## Your objective
With the pictures left out, please return exactly the line holding "5501 Edgebury Road" and each following line until the entries end.

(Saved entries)
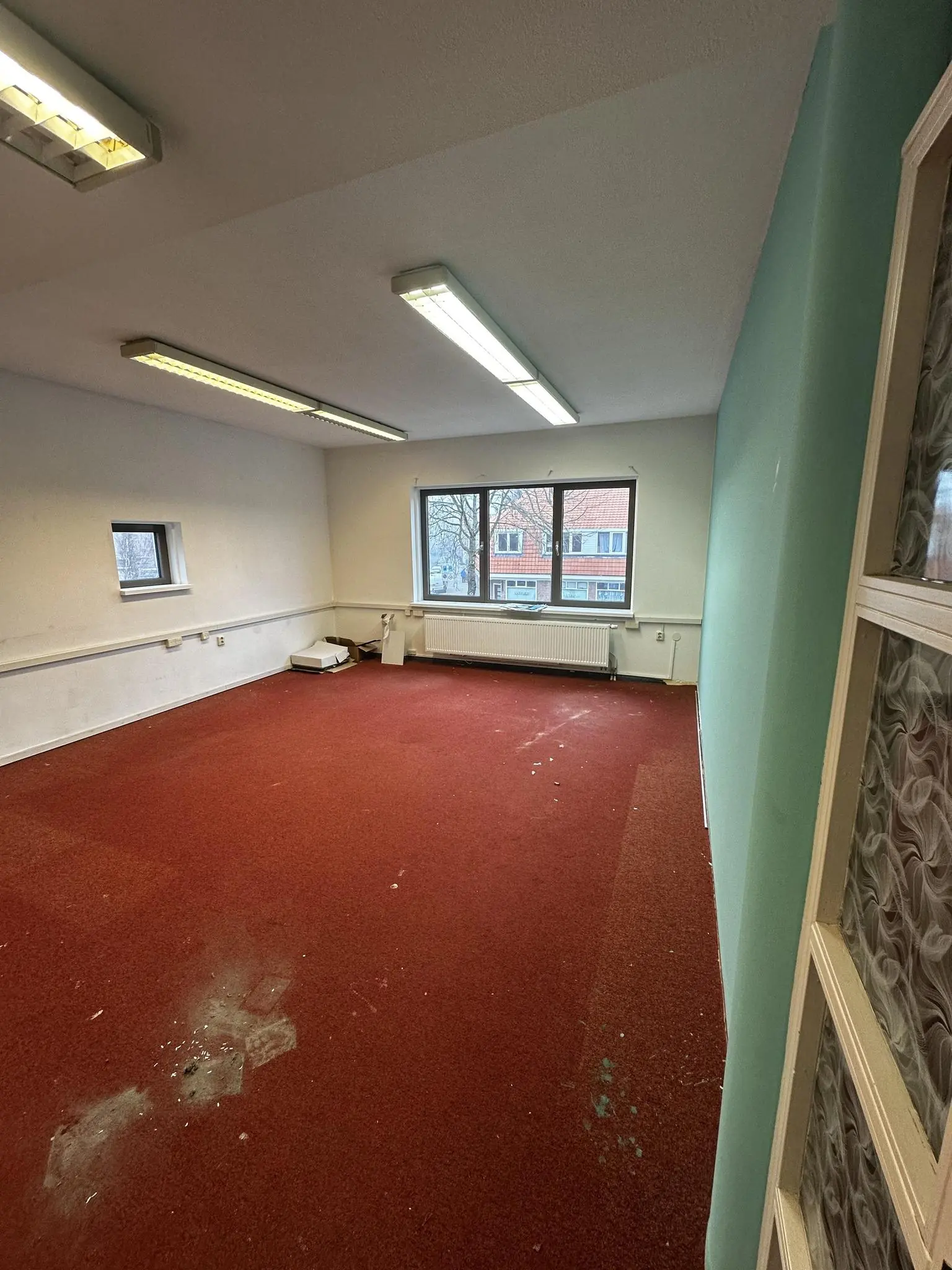 Lege kamer met rood tapijt, witte muren en een groot raam met uitzicht op de Nassaulaan.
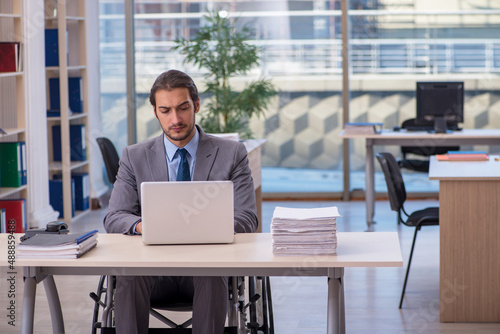 Young male employee in wheel-chair working in the office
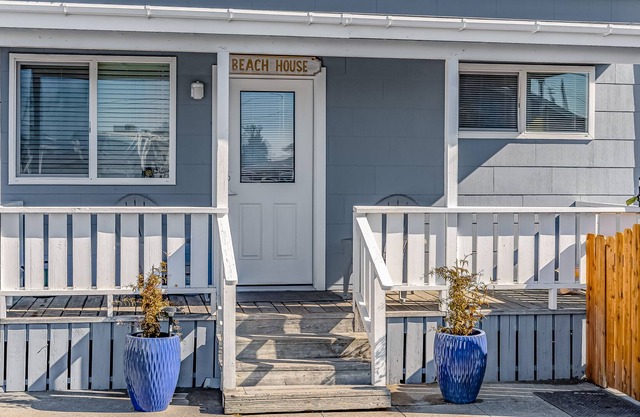 Enjoy views of the beach, the bay, & the canal from this dog-friendly home!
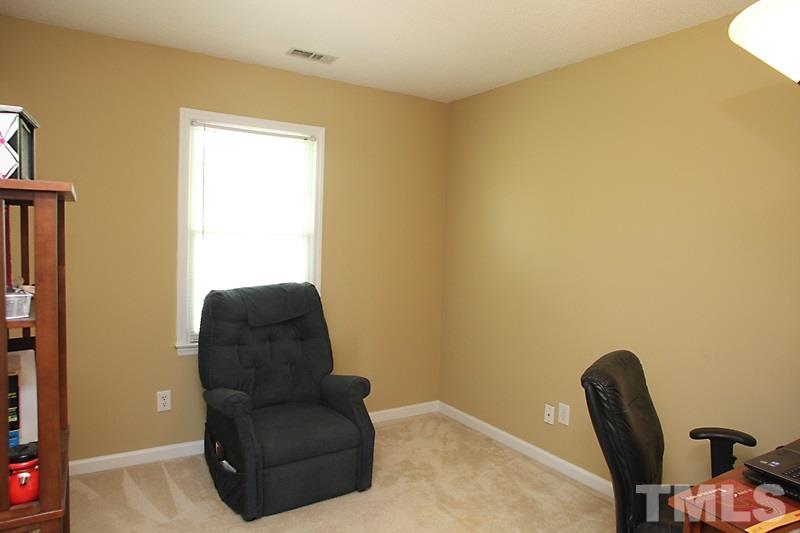 5501 Edgebury Road Raleigh, NC 27613 - Photo 7 of 14 a blue chair sitting next to a blue wall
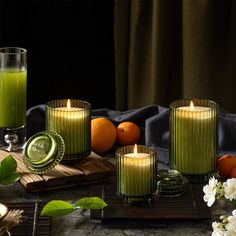 four candles sitting on top of a table next to oranges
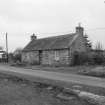 Scanned image of view of unidentified cottage in village.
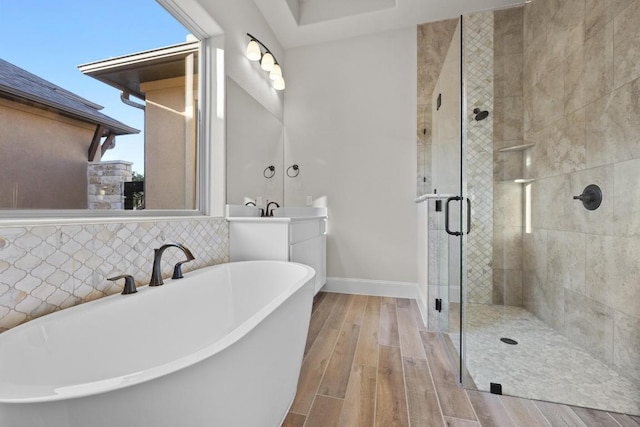 bathroom featuring separate shower and tub, decorative backsplash, vanity, and wood-type flooring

## Reply to the task
 5501 Edgebury Road Raleigh, NC 27613 - Photo 7 of 14 a blue chair sitting next to a blue wall
 four candles sitting on top of a table next to oranges
 Scanned image of view of unidentified cottage in village.
 bathroom featuring separate shower and tub, decorative backsplash, vanity, and wood-type flooring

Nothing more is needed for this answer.